Hi there, I am writing a compiler for a simplified C language, its namespace have subtle difference though. Here is a valid code snippet.
//test return 0
typedef int foo;
struct bar {
foo foo;
};
typedef struct bar bar;
int main () {
bar *p;
p = alloc(struct bar);
p = alloc(bar);
return p->foo;
}
Notice that identifier may be variable name, type name(through typedef) and field name(in struct). Function name is treated as variable name from lexer’s perspective. Here are several rules to follow
- type name cannot conflict with variable name
- field name in a struct may share the same name as a type name
- field name cannot collide with each other in the same struct
It seems inevitable to use a global variable to help lexer know which kind of identifier(VIdent, TIdent or FIdent) to return. I am using a set to record all custom types.
# env.ml
let env = ref Symbol.Set.empty
# parser.mly
gdecl :
| blahblah
| Typedef; t = dtype; var = midrule(var = VIdent {Env.add var; var}); Semicolon
{ Cst.Typedef {t = t; t_var = var} }
| Struct; var = VIdent; L_brace; fields = field_list; R_brace; Semicolon
{ Cst.Sdefn { struct_name = var; fields = fields; } }
dtype :
| blahblah
| ident = TIdent;
{ `Ctype ident }
| Struct; var = VIdent;
{ `Struct var }
# lexer.mll
rule initial = parse
| blahblah
| ident as name { let var = (Symbol.symbol name) in
if Env.mem var then Parser.TIdent var else Parser.VIdent var }
It works fine if there are only type and variable name. However, once struct is introduced, lexer needs more information to determine which kind of identifier to return.
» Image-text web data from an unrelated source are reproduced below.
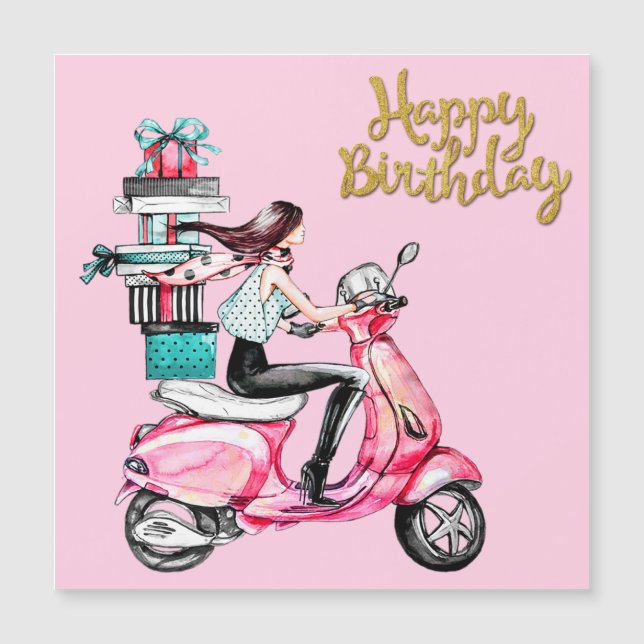 Menina de Scooter carregando Presentes  (Frente)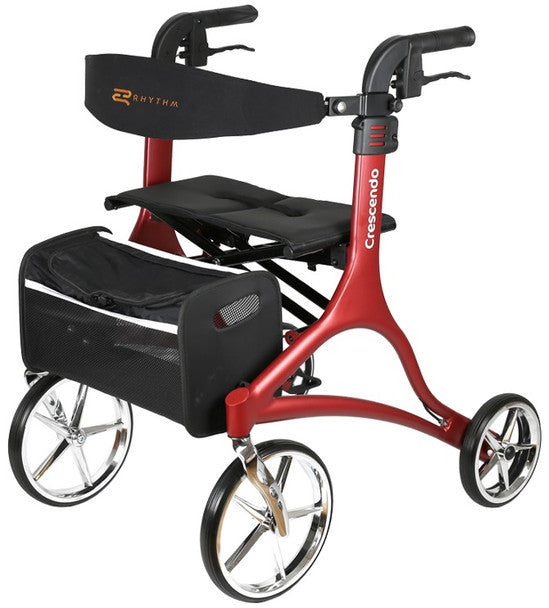 10" caster rollator with red frame, black padded seat, and front storage pouch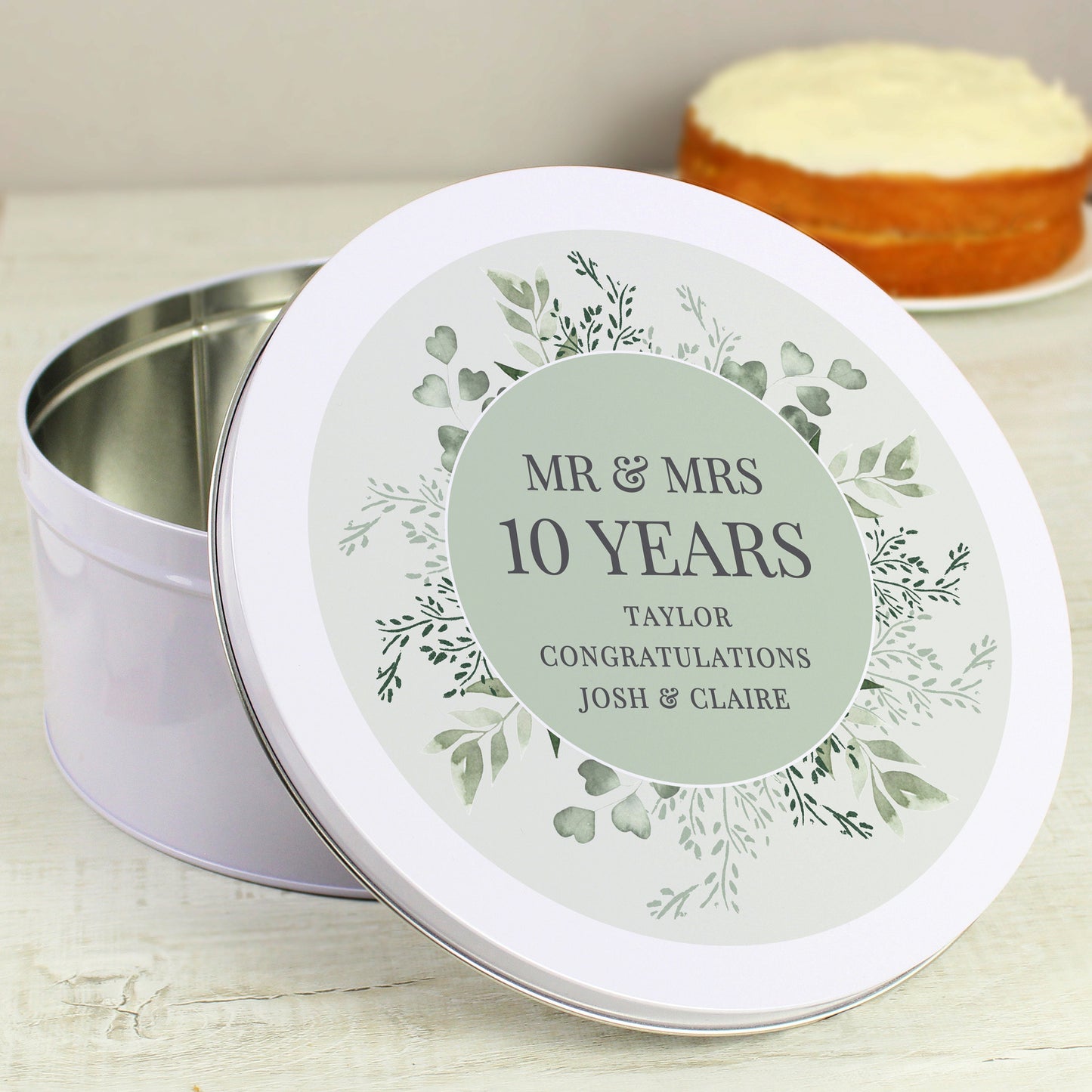 Personalised 9in White Round Cake Tin - Botanical Design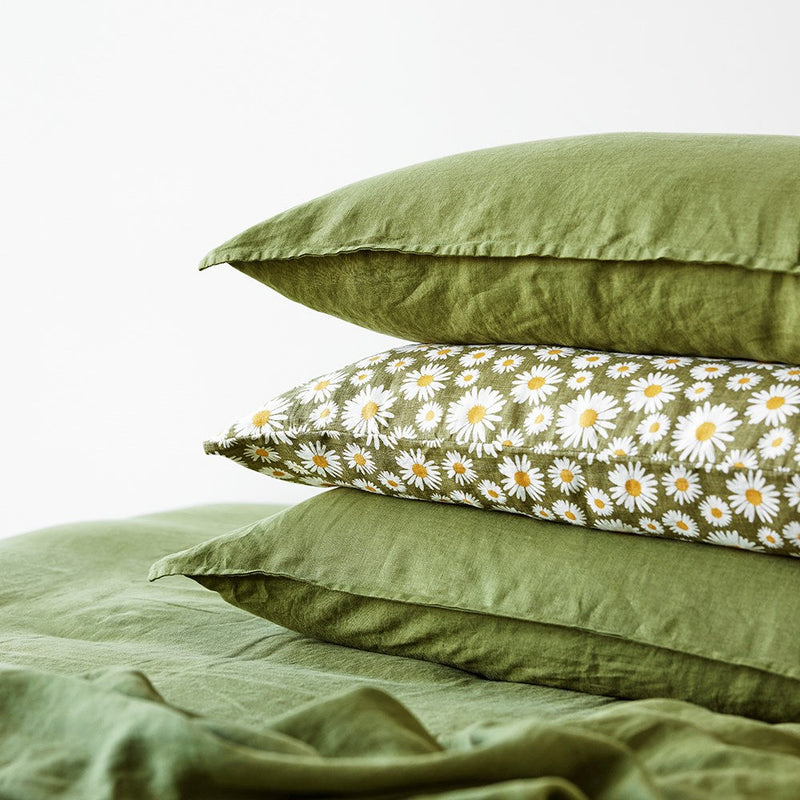 Pure Linen Printed Pillowcase - Daisy Dark Green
Since Menhir is applying LR(1), so I cannot just set a variable right before a identifier is lexed, something like(notice that I set ret_tident and ret_fident before read identifier)
# parser.mly
dtype :
| blahblah
| midrule({Env.ret_tident := true}); ident = TIdent;
{ Env.ret_tident := false;
`Ctype ident }
| Struct; var = VIdent;
{ `Struct var }
gdecl :
| blahblah
| Typedef; t = dtype; var = midrule(var = VIdent {Env.add var; var}); Semicolon
{ Cst.Typedef {t = t; t_var = var} }
| Struct; var = VIdent; L_brace; fields = field_list; R_brace; Semicolon
{ Cst.Sdefn { struct_name = var; fields = fields; } }
field :
| t = dtype; midrule({Env.ret_fident := true}); var = FIdent; Semicolon
{ Env.ret_fident := false;
{t = t; i = var} : Cst.field }
field_list :
|
{ [] }
| field = field; fields = field_list
{ field :: fields }
# lexer.mll
rule initial = parse
| blahblah
| ident as name {
let var = (Symbol.symbol name) in
if !Env.ret_tident
then Parser.TIdent var
else
if !Env.ret_fident
then Parser.FIdent var
else Parser.VIdent var }
So, what is a good practice to achieve a complex context dependent lexer?
I know it is quite clumsy, thank you for read it. Any ideas would be grateful!